¿Cómo es posible que en un tema tan sensible como la objeción de conciencia institucional el gobierno haya pasado del cero al infinito en cuestión de un par de meses? La única respuesta posible es que la proverbial debilidad doctrinaria de la derecha, unida al ímpetu de los vientos políticos, ha hecho girar la veleta, provocando que el mismo gobierno que ayer defendía una postura a través de un fallido protocolo ahora presente un reglamento que postula exactamente lo contrario.

El gobierno pudo haber defendido sus prerrogativas y sus —supuestas— convicciones frente a un dictamen de la Contraloría que excede las facultades administrativas de este organismo. Prestigiosos constitucionalistas han afirmado que la Contraloría actuó dentro de sus atribuciones al exigir que el tema fuera regulado a través de un reglamento —y no de un protocolo, como pretendieron las administraciones Piñera y Bachelet—, pero también han cuestionado que haya ido más allá al aventurarse en el terreno de la disquisición política, lo cual se encuentra lejos de su ámbito de acción y la convierte en una “tercera cámara”.

El gobierno pasa por encima de la objeción de conciencia de las personas jurídicas al sostener que las instituciones de salud privadas que tengan convenios con el Ministerio de Salud para la atención gineco-obstétrica de pacientes no podrán invocarlos y, si lo hacen, deberán renunciar a dichos convenios.

Sin embargo, en lugar de poner en duda lo obrado por la Contraloría y enfrentar lo que parece un evidente exceso, el gobierno optó por darse una vuelta de carnero: ayer defendía el derecho de las instituciones a ejercer la objeción de conciencia frente a la ley de aborto, una garantía reconocida por la ley de aborto y avalada explícitamente por el Tribunal Constitucional; hoy, en cambio, ha girado en 180 grados y se alinea con la posición contraria. Así, sin decir agua va, el gobierno pasa por encima de la objeción de conciencia de las personas jurídicas al sostener que las instituciones de salud privadas que tengan convenios con el Ministerio de Salud para la atención gineco-obstétrica de pacientes no podrán invocarlos y, si lo hacen, deberán renunciar a dichos convenios.

El criterio a través del cual el gobierno ha tornado irrelevante la objeción de conciencia en el ámbito de la salud puede aplicarse también sin dificultades a otras áreas, como la educación.

Además del serio resultado práctico, que amenaza con dejar a muchas mujeres sin atención médica oportuna, hay aquí en juego cuestiones de fondo que La Moneda no puede haber dejado de tomar en cuenta y que tienen que ver con la manera como se entiende lo público. El reglamento del gobierno tiende a igualar lo público con lo estatal, haciendo suya una antigua aspiración de sectores progresistas e ignorando la indesmentible provisión de bienes públicos por parte de la sociedad civil, que queda en evidencia, por ejemplo, con la labor de clínicas y hospitales privados. Además, el criterio a través del cual el gobierno ha tornado irrelevante la objeción de conciencia en el ámbito de la salud puede aplicarse también sin dificultades a otras áreas, como la educación. Esta falta de atención también resulta inexplicable, pues Chile Vamos fue un férreo opositor de una interpretación como la que hoy promueve mientras se registró la discusión de la reforma educacional en colegios y universidades durante la administración anterior.

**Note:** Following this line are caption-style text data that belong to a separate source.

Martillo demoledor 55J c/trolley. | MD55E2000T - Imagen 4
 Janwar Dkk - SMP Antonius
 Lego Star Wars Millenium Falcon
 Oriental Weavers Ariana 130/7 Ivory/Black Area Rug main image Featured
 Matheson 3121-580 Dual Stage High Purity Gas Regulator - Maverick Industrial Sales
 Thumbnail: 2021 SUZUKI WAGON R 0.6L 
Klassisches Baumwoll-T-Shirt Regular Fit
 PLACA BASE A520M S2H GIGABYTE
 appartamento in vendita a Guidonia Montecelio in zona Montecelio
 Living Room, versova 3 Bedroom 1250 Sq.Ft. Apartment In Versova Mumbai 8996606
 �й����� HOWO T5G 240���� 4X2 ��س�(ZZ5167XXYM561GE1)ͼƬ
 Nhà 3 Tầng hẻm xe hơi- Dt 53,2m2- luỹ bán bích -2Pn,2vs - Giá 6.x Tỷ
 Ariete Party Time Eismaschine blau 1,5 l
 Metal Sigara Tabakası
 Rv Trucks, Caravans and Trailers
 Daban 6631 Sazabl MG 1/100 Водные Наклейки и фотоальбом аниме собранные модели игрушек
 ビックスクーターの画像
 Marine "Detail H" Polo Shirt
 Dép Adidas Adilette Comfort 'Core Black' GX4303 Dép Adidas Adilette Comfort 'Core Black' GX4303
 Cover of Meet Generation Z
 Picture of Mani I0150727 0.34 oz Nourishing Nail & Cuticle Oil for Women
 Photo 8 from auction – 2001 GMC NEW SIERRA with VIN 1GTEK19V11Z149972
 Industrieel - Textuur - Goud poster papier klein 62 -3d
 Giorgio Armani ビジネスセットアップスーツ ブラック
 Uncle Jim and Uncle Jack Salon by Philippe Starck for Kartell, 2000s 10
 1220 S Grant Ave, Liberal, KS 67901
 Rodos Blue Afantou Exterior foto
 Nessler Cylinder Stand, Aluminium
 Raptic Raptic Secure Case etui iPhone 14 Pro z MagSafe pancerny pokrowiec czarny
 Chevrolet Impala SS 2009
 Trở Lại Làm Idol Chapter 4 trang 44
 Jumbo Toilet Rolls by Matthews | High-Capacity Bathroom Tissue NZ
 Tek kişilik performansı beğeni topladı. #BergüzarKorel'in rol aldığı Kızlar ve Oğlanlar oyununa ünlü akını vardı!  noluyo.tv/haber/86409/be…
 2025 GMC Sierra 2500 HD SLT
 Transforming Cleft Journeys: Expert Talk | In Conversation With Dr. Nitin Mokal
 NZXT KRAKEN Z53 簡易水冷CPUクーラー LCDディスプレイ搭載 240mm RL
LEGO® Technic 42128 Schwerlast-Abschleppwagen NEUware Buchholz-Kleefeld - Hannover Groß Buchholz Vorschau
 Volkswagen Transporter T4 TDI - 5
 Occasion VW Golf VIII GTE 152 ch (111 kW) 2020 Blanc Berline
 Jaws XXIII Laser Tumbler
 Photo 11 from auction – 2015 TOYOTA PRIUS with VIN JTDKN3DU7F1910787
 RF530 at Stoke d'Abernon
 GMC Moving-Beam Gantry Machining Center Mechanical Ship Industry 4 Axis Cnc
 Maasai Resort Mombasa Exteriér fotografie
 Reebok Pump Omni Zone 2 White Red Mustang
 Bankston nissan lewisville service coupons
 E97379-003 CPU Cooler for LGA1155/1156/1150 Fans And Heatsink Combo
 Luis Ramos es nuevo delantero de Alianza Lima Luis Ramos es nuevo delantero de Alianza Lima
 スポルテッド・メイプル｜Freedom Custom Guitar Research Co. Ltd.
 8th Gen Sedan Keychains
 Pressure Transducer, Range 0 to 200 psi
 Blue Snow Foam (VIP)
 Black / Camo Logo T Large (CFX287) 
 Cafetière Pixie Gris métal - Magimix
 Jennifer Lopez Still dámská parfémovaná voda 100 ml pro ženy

Dice mucho acerca de la importancia que otorga a la defensa de sus convicciones que La Moneda ni siquiera se haya tomado la molestia de desafiar los muy discutibles argumentos de la Contraloría y haya cedido ante ellos como si hubiera descubierto una verdad antes oculta a sus ojos. Al parecer, bastaron una interpelación y una fracasada acusación constitucional contra el ministro de Salud para que el Ejecutivo abrazara una causa completamente opuesta a la que inicialmente postuló. Sólo un audaz imprudente podría señalar que tamaña contradicción es un ejercicio de pragmatismo realista, porque una cosa es optar por el mal menor y verse obligado a jugar de visita en la cancha de los adversarios políticos, pero otra muy distinta es renunciar al instrumental institucional disponible para el Ejecutivo y dejar que actúe como árbitro en su lugar un organismo que en este caso se ha sentido con derecho a interpretar la ley de acuerdo a la sensibilidad progresista, excediendo sus atribuciones.

Al mostrar una incoherencia severa en un asunto tan sensible, las actuales autoridades dejan muy en claro que la única certeza esperable de ellas en estos temas es que la veleta con la que gobiernan terminará apuntando siempre hacia la dirección en que corren los vientos, aunque ello signifique pasar del cero al infinito en cuestión de días.